THREE SOTB blog hops in a row?! I'm on a roll! As I mentioned before this blog hop was started a couple years ago, but me and a group of fellow Mexico-dwellers have tried our hardest to revive it this year. It's now March, and the theme is luck, but I'm pretty sure I'm not Irish.
I don't believe in luck. Perhaps it's my lifelong history of never being able to do something the easy way, or win much of anything, but I quit believing in luck a long time ago. I've spent my life running across people who've found ways to cheat the System, get a break, or even get ahead. But every time I've tried to copy them, I get shut down at every turn. Everything I have, I've had to hustle for.
I don't mind working hard. Well, sometimes I do. Sometimes, I'd like to take it easy, slow down, play hookie from work. But I know that I can't. There's no help for me if I slow down. While Tijuana is exceptionally cheaper than San Diego to live in, the life of a border crosser is expensive. There's gas and food, buying household necessities, clothes, school supplies, work expenses- the costs of being alive. While my choice to live in Mexico saves me from needing a second job, I lose out on all of the "help" and "assistance" available to my coworkers from the government. I don't know how people who live in TJ manage to get help from the U.S.; most likely through less than honest information on their applications. I don't care if people do this. However, it's not an option that's ever been open to me. My only option is to work hard.

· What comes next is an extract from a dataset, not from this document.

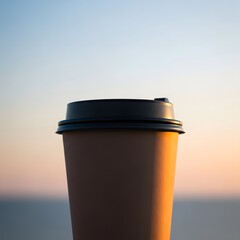 A brown disposable coffee cup with a black lid against a sunset background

I wasn't always a hard worker. There was a time in my life when I was waiting for a rescuer. I thought that someone would come along and right all of the wrongs in my life. I pictured a life where I'd stay at home making Pinterest projects with my kids. I pictured a life that was very different than the one that I have now. Then, my plans and desires changed and I thought that I could be anything I wanted. I went to college and tried to plan for a future. But then Hector was deported and I began to learn that luck, like happiness, is what you make it.
I get tired. I'm worn out. The daily border crossing is emotionally draining. I get burned out in my career. But I keep going. Money doesn't rain from the sky. God gave me a body, and so I use it to work. Nobody is coming to help me but me. If the Lord sends a blessing that's fine, but usually it's just me and my abilities.
I don't have any luck, I have hustle. I can't stop for little men in green at the end of rainbows. I have to go to work.